Being in medical school is always perceived as a period of unending studying, long hours spent cramming and the terrifying examinations. Yes, all that forms the backbone of the course, but there are lighter moments too.
In our time, we all looked forward to the fifth year of school. It was a year of elective period abroad and attachment in the local district hospitals. The attachment was intended to expose us to the management aspect of healthcare as many of us would be running these facilities in the next few years as medical superintendents.
We needed to learn about the system in which the patient received care and not just about treating their illness. I must admit it was an eye opener to learn management processes from hospital administrators, procurement officers, store managers and accountants.
On the first day of the attachment, the medical superintendent gave us a tour of the hospital. They were only two doctors in the hospital with a bed capacity of 60, though only half of those were occupied at any one time. As we went round the wards, we did the daily patient rounds too. Typical of any district hospital back then, the male ward was the smallest, with a few patients recovering from various common infectious diseases such as malaria and pneumonia.
What caught my eye though, was a 57-year-old man in a room at the far end of the ward by himself. He did not appear to be ailing and did not speak at all. The good doctor said hello to him in vernacular and then we moved on. As we walked over to the maternity unit, the doctor explained that the man had been in the hospital for seven years.
This man was brought into the emergency unit late one night with multiple injuries. His neighbours brought him in claiming he had been assaulted by his wife. He was admitted to the ward for treatment and close monitoring as he had sustained a mild head injury too. He went on to make a full recovery, but he refused to be discharged. His main reason was that he was unsafe at home as his wife was intent on killing him.
The man said he had never experienced a peaceful day of marriage in his home. He was an only son, his parents had died and he was not close to his extended family. On numerous occasions, his wife had quarrelled with him, a dispute that always quickly degenerated into a physical fight. Repeat interventions by the local elders, the area chief and local administrative police had failed to resolve the dilemma. He was unable to chase her away.
This man was convinced that if he went back home, she would eventually kill him. As she had never visited him in the two weeks he had been in the hospital, he had felt safer than he had in years. This was his new home and he was not leaving! The hospital management let him be, promising to find a solution. The hospital social worker paid a visit to his home and was chased away by the man's wife.
Over time, attempts to get this man to leave the hospital dwindled and he eventually became part of the institution. Medical superintendents changed over time, but the man stayed. The current one inherited the problem, but ignored it just the same as he had no solution. In the six weeks we were there, we also got accustomed to his presence.
Two years later, during my internship, I met at least one of these long-term patients in every department I rotated through in the national referral system. One woman had pregnancy complications and she was in the intensive care unit for weeks.
When she eventually recovered, she had suffered a major, permanent disability. Though she came from a financially stable home, no one wanted to care for her in her disability although they had taken her newborn home. She was abandoned at the hospital for eight years and the family only came for her when the press ran her story, shaming them for the abandonment.
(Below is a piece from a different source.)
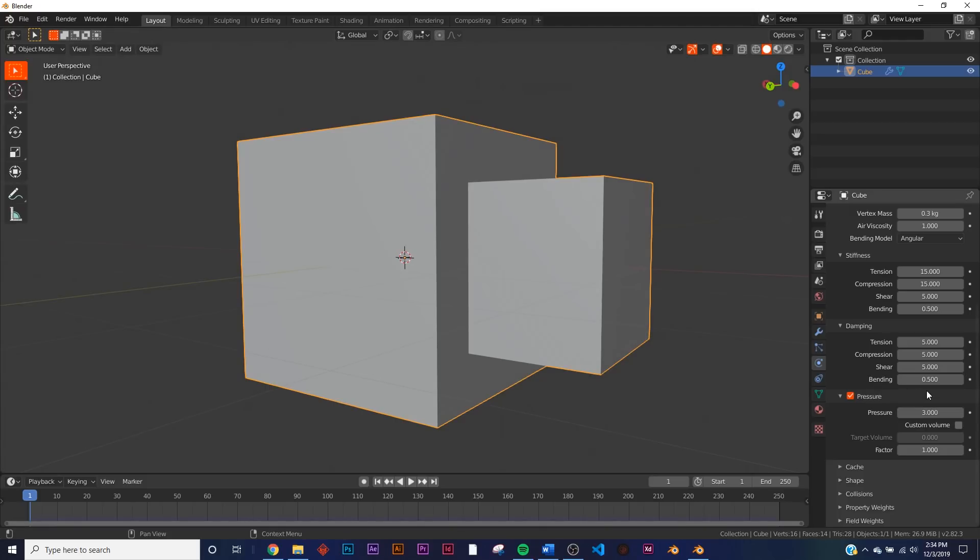These are settings that I've played around with and I found these to be best. Custom Volume—very important—we're going to give it a target volume of nine and a factor volume of three.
In the paediatric ward, a preteen was abandoned by her mother. The feisty little girl was a darling of the ward staff, helping the nurses care for the little ones battling cancer and attending the class set up for children hospitalised for long periods so as to continue with a semblance of education. Her mother was single and struggling to survive in the slum. She could not afford to care for a child with diabetes.
It was a struggle to raise the Sh500 monthly to pay for her insulin when she could not even afford to feed her properly to keep her healthy. Storing the insulin was another challenge. The young girl was eventually transferred to a rescue centre after three years, which was really no place for someone of her condition.
In the orthopaedic ward, a middle-aged man with a hip fracture had been in the ward for four years. He suffered osteoporosis and all attempts to surgically repair his fracture had failed. He had developed a chronic open wound at the fracture site that just wouldn’t heal, and though he was no longer in pain, he was immobilised. We joked that he should just run a shop at his bedside as an income-generating activity to while away the days.
While hospitals are places where the sick come for treatment, they easily transform to safe havens for some while for others, it is the only place where they feel wanted and cared for in their incapacities. This is especially true for those with chronic disabilities.
In advanced countries, these challenges were long identified and catered for by establishment of nursing homes for those in need of long-term nursing care. There is also establishment of halfway houses that prepare those in need to ease back into the community and live an independent life.
In view of our changing social structures, these establishments are becoming increasingly necessary in our country. The government needs to start now, to set up these institutions, plan for their funding and establish frameworks that guide the transition from hospital care for those in need.